Savez-vous à l’avance quelle question on va vous poser?

■ Non, j’aime bien me laisser surprendre. Georges Marchais, l’ancien leader communiste français, disait que les gens venaient avec leurs questions et lui avec ses réponses.

«ne pas se laisser entraîner par la surenchère et les solutions apoca­lyptiques.»

Qu’apportez-vous aux autres?

■ Du bon sens. Nous disposons de plein d’experts qui s’expriment sur tout et son contraire. Pourquoi se fier aux experts plutôt qu’à soi-même. Donc j’ai tendance à ramener les gens à leur fondamentaux et à leur faire prendre du recul pour analyser avec eux la situation. J’essaie de faire preuve de bon sens, ce qui marche pour lui ne marche pas pour elle. Et dans mon activité de conseil aux entreprises, c’est la même chose. J’apporte avec moi cette capacité à ne pas se laisser entraîner dans une grande aspiration conduisant à la surenchère, aux solutions apocalyptiques, ou alors dans un positivisme totalement débile. Donc de les aider à rester ancré dans le sol. Et pour ma part, je suis plutôt droite dans mes baskets. Cela doit rassurer les gens. Je donne de la confiance et récolte de la confiance. C’est le fondement dans tout le domaine du numérique: les utilisateurs doivent avoir confiance dans les plate-formes car, sans cela, le modèle est immédiatement remis en question. Et partant, l’idéologie de départ est elle-même basée sur cette confiance, sur une gouvernance décentralisée, une responsabilité individuelle, mais dans un intérêt collectif.

«Je donne de la confiance et récolte de la confiance. C’est le fondement dans le numérique!»

Quel superpouvoir faut-il avoir dans les débats politiques?

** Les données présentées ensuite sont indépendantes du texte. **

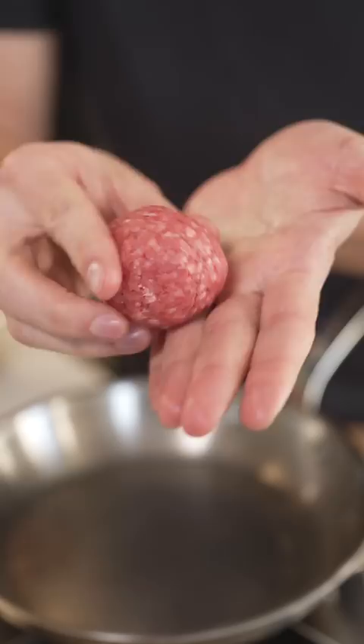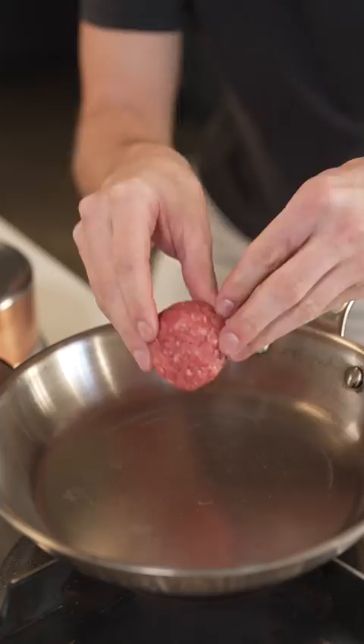Let's make a crispy smash burger. Shape your ground beef into small balls, then heat a stainless steel pan for several minutes. You can't use nonstick — you want it to stick to the pan. Then moving quickly, place down the meat and smash it.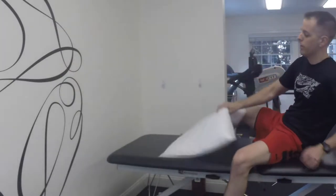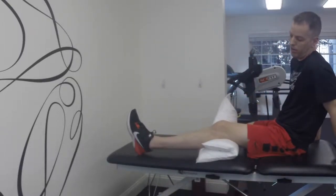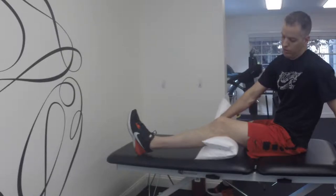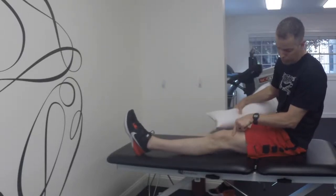The most common way I see people using a pillow is they roll it up and put it under their knee — and that is exactly the wrong way to do it. The reason it's wrong is because if you keep your knee like that for a while, your knee will actually get stuck in that position, get stuck bent, and won't be able to straighten.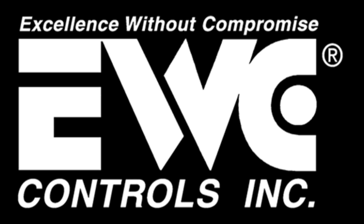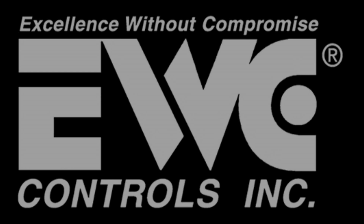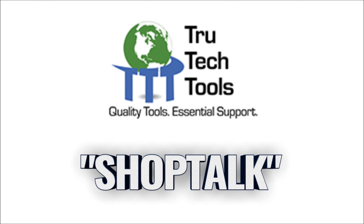This video is brought to you by EWC Controls, excellence without compromise. Save 8% off your order at trutechtools.com by using the SHOPTALK discount code.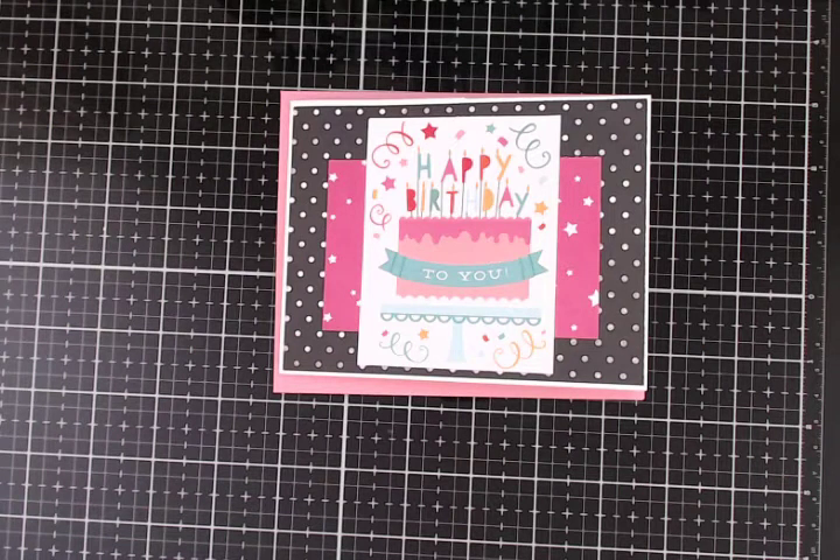Hi everyone, it's Annemarie. I wanted to share with you a birthday card that I made for my friend. I can't wait to give it to her today.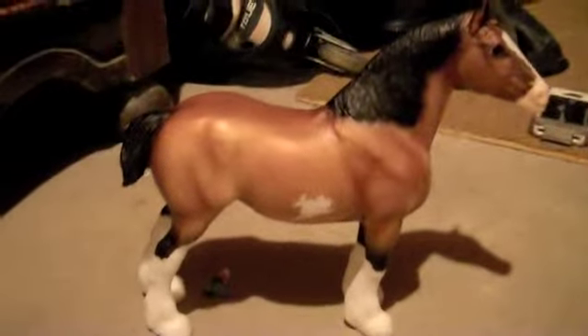This is the mare from the set. I'll flip her around and put her down so I can spin her for you — showing the back side and spinning her around.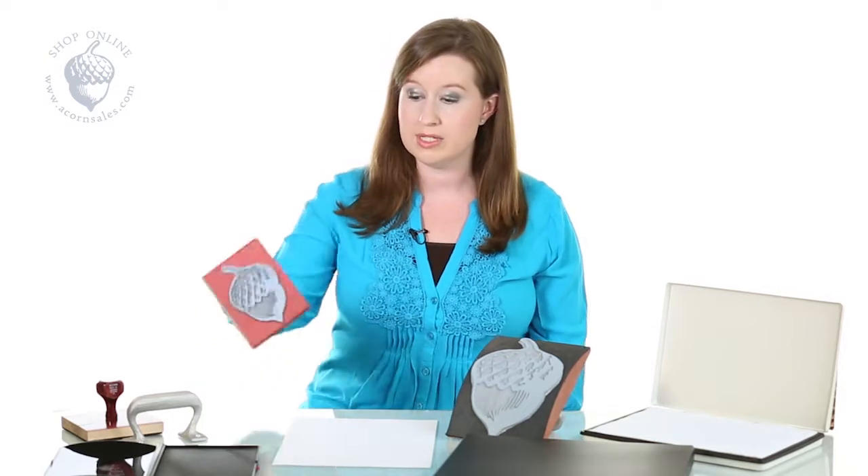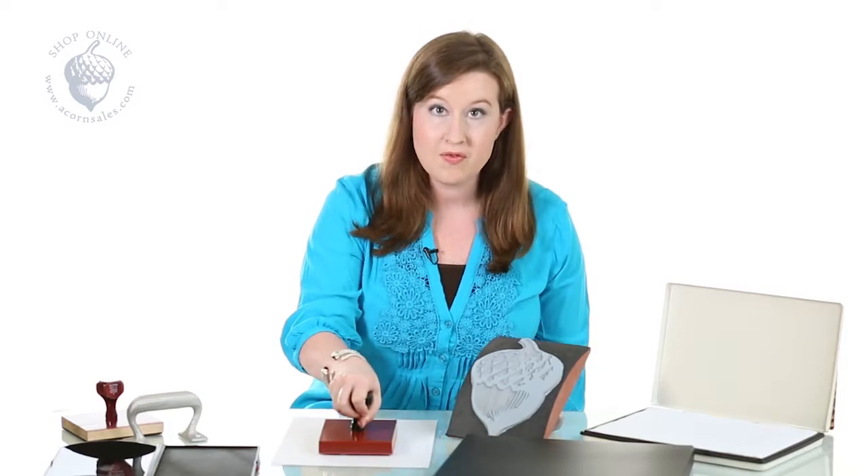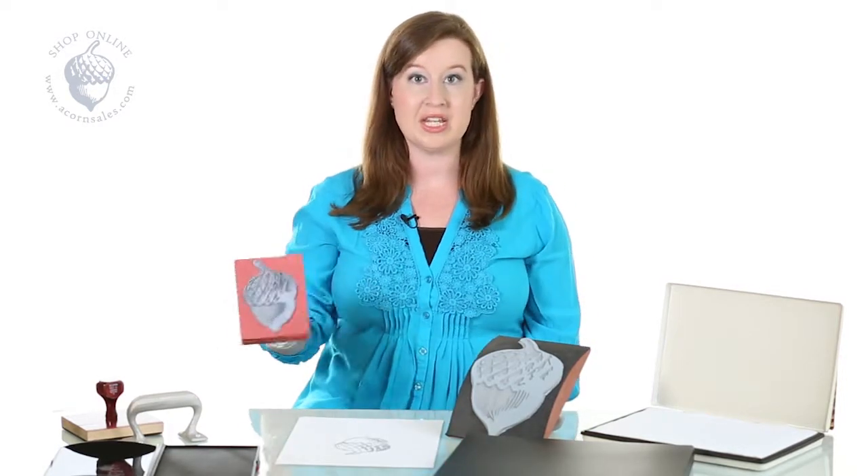With large stamps, you need to make sure that you're using a nice flat surface, as you would with a small stamp — firm press, quality impression.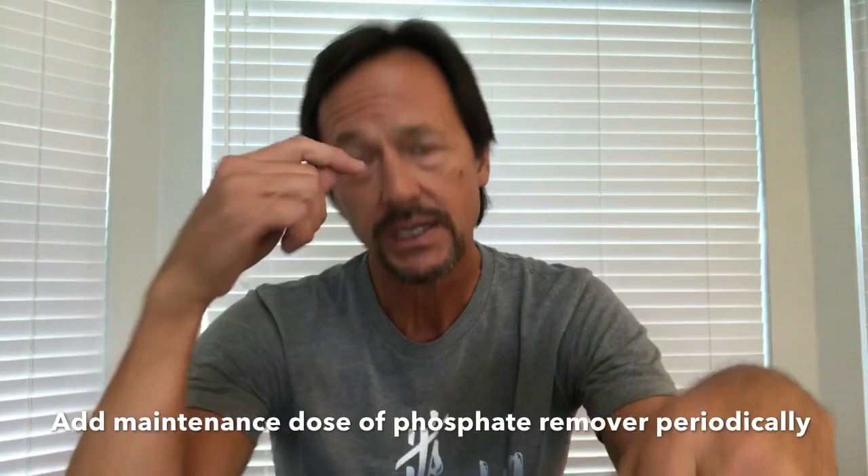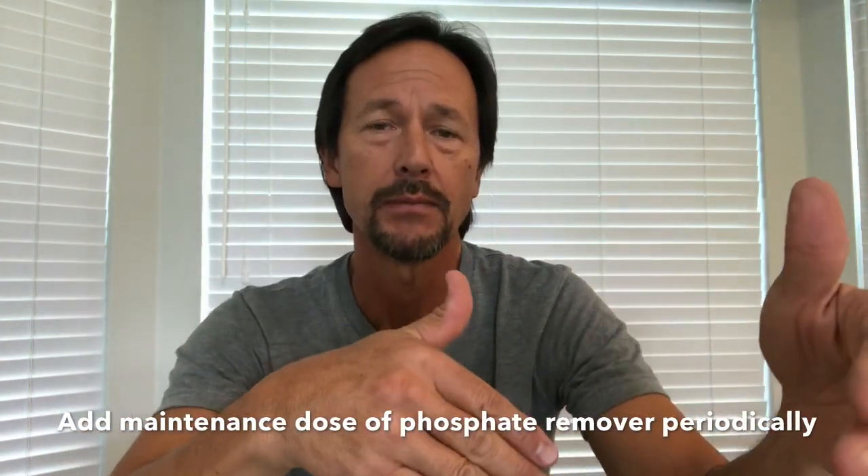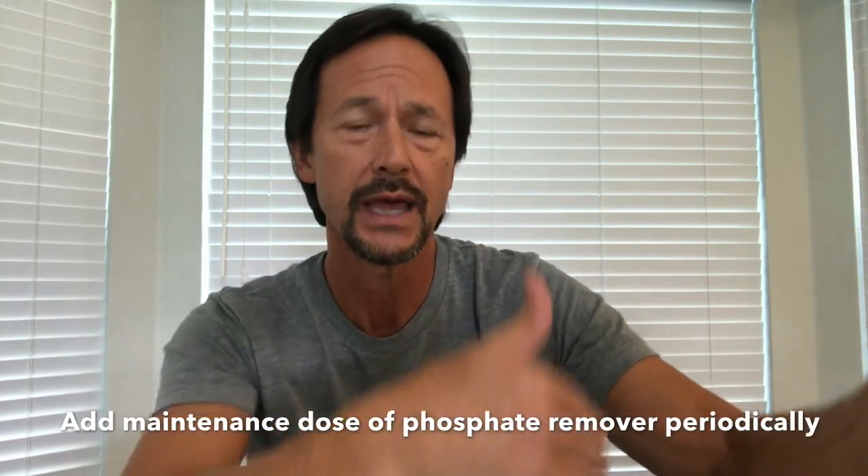Hey folks, I wanted to add a supplemental lesson to my last video on algae and algaecides and why you don't need them. Once you have taken care of the algae and the phosphate issue in your pool, you want to be able to maintain low phosphate levels. Refer to the back of your phosphate remover label — it should have a recommended maintenance dosage and frequency.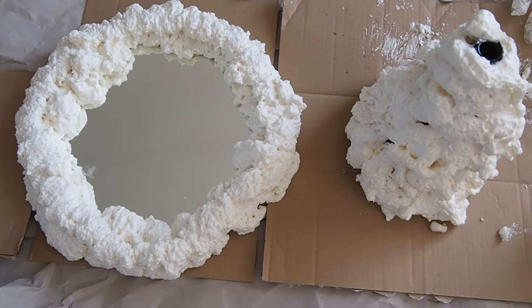I need to give that about an hour to dry. I've opened the window just so it can have a bit more fresh air to dry quicker, and I will resume back with you when it's dried and show you the final product.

■ La punchline! Lors du débat Mitterrand-Chirac, par exemple, cet instant où Chirac réplique qu’en ce soir de débat, il n’est pas le Premier Ministre, mais un candidat face à un autre candidat. Et François Mitterrand, magistral: «Mais vous avez tout à fait raison, Monsieur le Premier Ministre!» C’est extraordinaire! Je suis fascinée par l’art oratoire. Le débat d’idées est une chose. Mais au-delà, il y a cette capacité à les exprimer de façon percutante, comprendre l’intention au-delà de l’idée, la façon dont vous portez le message. Certains coups vous mettent K.-O.